The Rashtriya Swayamsewak Sangh (RSS) asked the government on Friday to crack down on “subversive” elements indulging in “anti-national” activities in universities.
“We expect the Central and state governments to deal strictly with such anti-national and anti-social forces and ensure the sanctity and cultural atmosphere by not allowing our educational institutions to become centres of political activities,” the Sangh said while presenting its annual report in Nagaur.
The three-day Pratinidhi Sabha, a meeting of the saffron group’s highest decision-making body, assumes significance as the Narendra Modi government draws flak over its mishandling of the JNU row, the death of a Dalit student at the University of Hyderabad, allegations of saffronisation of education and growing intolerance in the country ahead of crucial assembly polls in five states.
The Sangh’s pointed statement about anti-national activities was in reference to the University of Hyderabad, which it calls Bhagyanagar University and where the RSS has been accused of fanning anti-Dalit sentiments, and the Jawaharlal Nehru University in Delhi, where anti-India slogans were raised, resulting in nationwide uproar.
“When renowned and premier universities, which are expected to groom patriotic citizens by imparting them the lessons of unity and integrity generate people who raise the slogan calling for breaking of and destroying the nation, this naturally becomes a matter of concern for the patriotic people,” the Sangh said in its annual report at the meeting.
It dubbed the event organised to mark the death anniversary of Parliament attack convict Afzal Guru as “incidents that pollute the social environment”.
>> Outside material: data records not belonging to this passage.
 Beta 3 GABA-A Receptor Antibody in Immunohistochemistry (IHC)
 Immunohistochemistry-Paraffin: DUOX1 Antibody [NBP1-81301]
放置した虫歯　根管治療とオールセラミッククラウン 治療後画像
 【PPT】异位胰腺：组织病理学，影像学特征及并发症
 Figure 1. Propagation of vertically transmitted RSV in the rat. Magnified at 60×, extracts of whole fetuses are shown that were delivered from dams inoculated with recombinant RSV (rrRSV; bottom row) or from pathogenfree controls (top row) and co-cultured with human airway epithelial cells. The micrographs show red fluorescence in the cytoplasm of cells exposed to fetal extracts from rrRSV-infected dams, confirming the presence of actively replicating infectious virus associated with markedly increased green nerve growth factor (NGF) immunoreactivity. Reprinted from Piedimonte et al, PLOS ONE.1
The Sangh also flagged the violence during Gujarat and Haryana quota agitations, the burning down of a police station in West Bengal’s Malda, and the Pathankot terror attack as challenges to the administrative machinery, which weaken social harmony and trust.
In addition, the RSS contradicted allegations of it perpetuating misogyny by describing the practice of barring women from temples as “unfair traditions”, in sharp contrast to an editorial in the RSS mouthpiece, Organiser, that defended the practice as “a matter of faith” for the temple trusts.
On Friday, the Sangh referred to old texts and traditions to emphasise that “men and women are naturally considered to be equal partners” and permitted entry into the temples “without any discrimination”.